What you will do - Everything from the line with "Northumberland Travel Print" to the last line of the listing must be retyped exactly, both ends included, with the pictures dropped.

Data section -
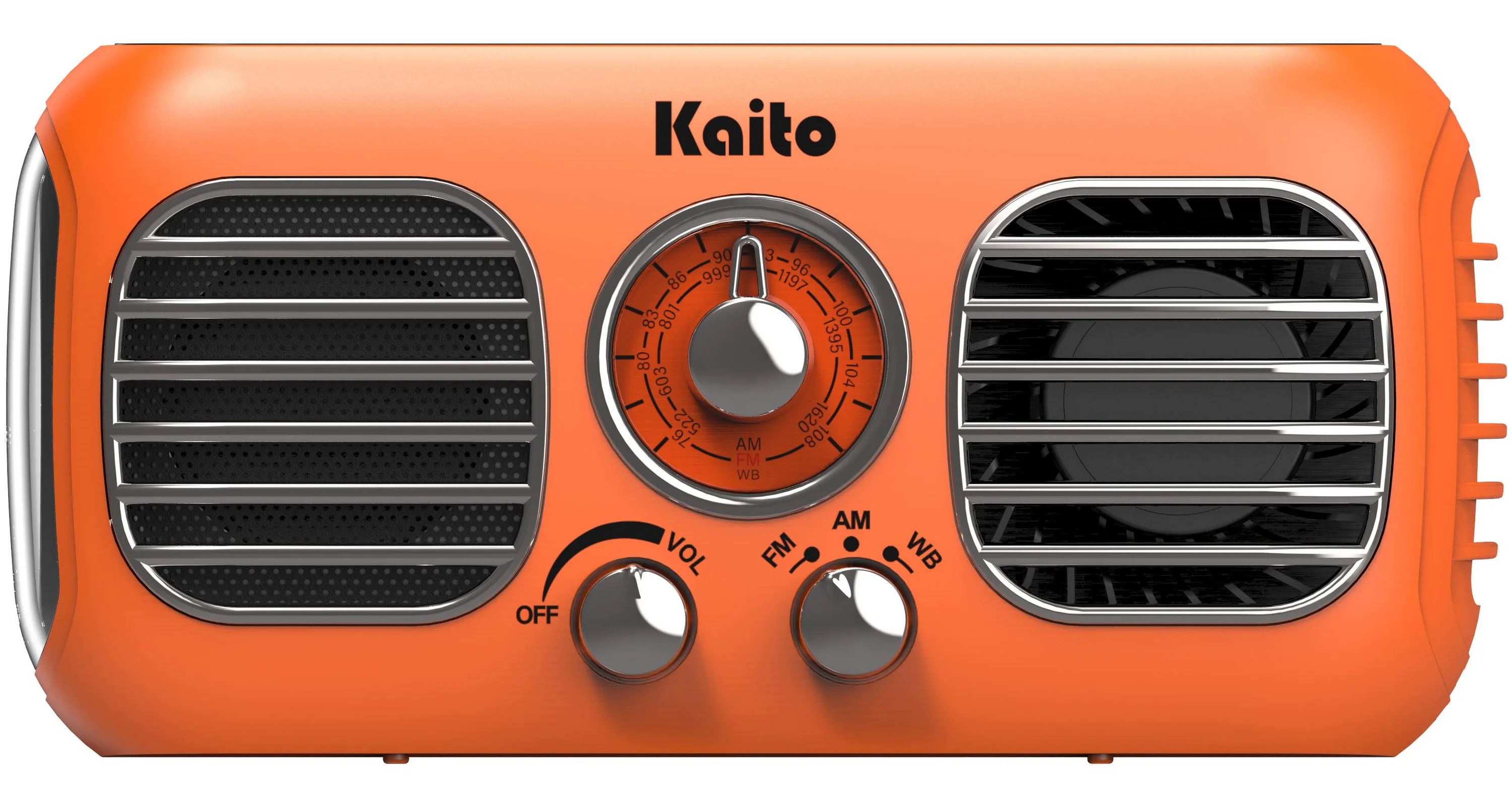 Kaito Emergency Radios & Wireless Mics Orange Retro Solar+Crank Am/Fm/Noaa Weather Radio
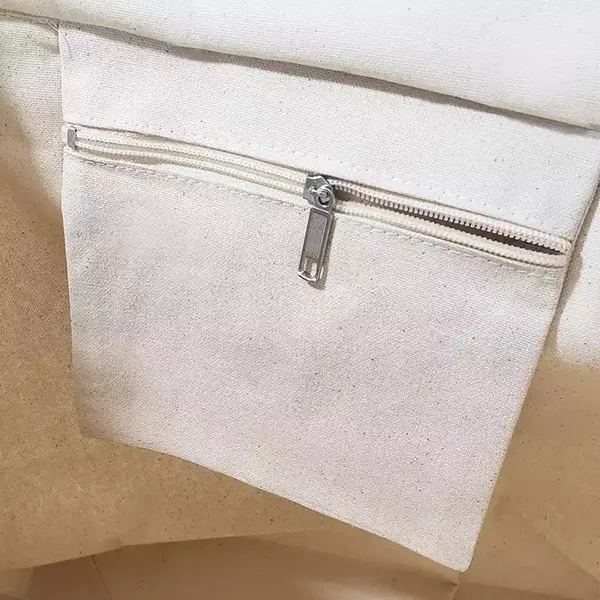 Extra large Zip-top Canvas Boat Tote With Pocket 2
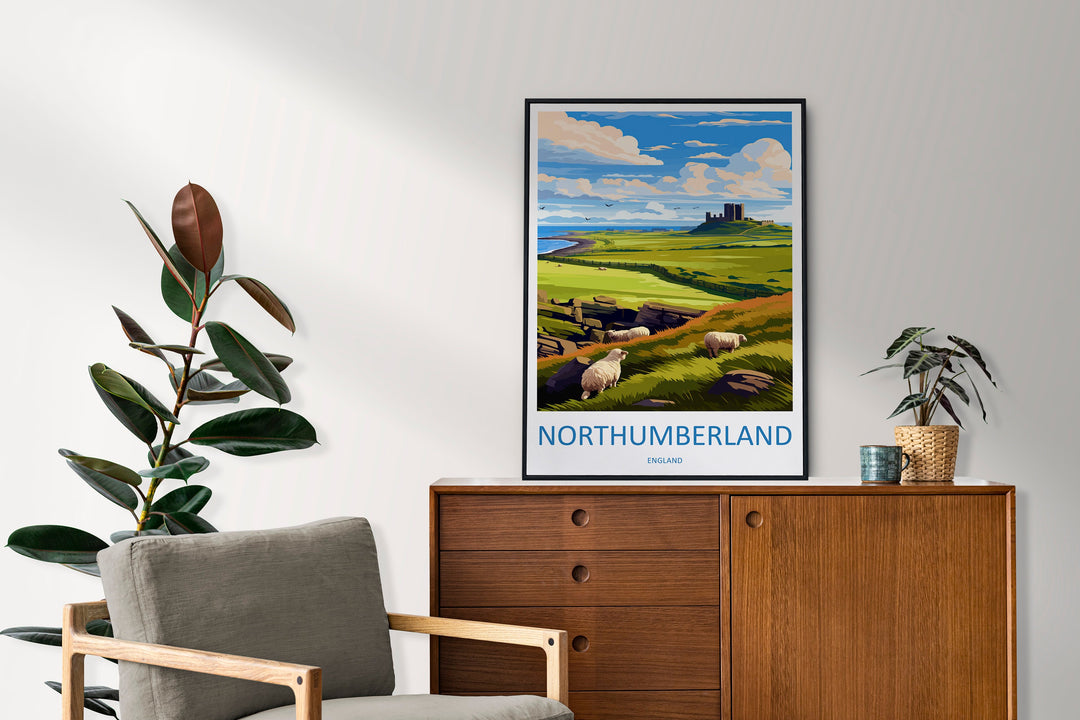 Northumberland Travel Print Wall Art Northumberland Wall Hanging Home Decor National Park Gift Northumberland Lovers National Park Wall Art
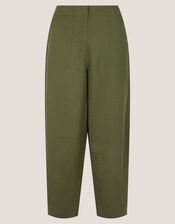 Joanie Linen Blend Barrel Trousers, Green (KHAKI), large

Exercise output -
 Northumberland Travel Print Wall Art Northumberland Wall Hanging Home Decor National Park Gift Northumberland Lovers National Park Wall Art
 Joanie Linen Blend Barrel Trousers, Green (KHAKI), large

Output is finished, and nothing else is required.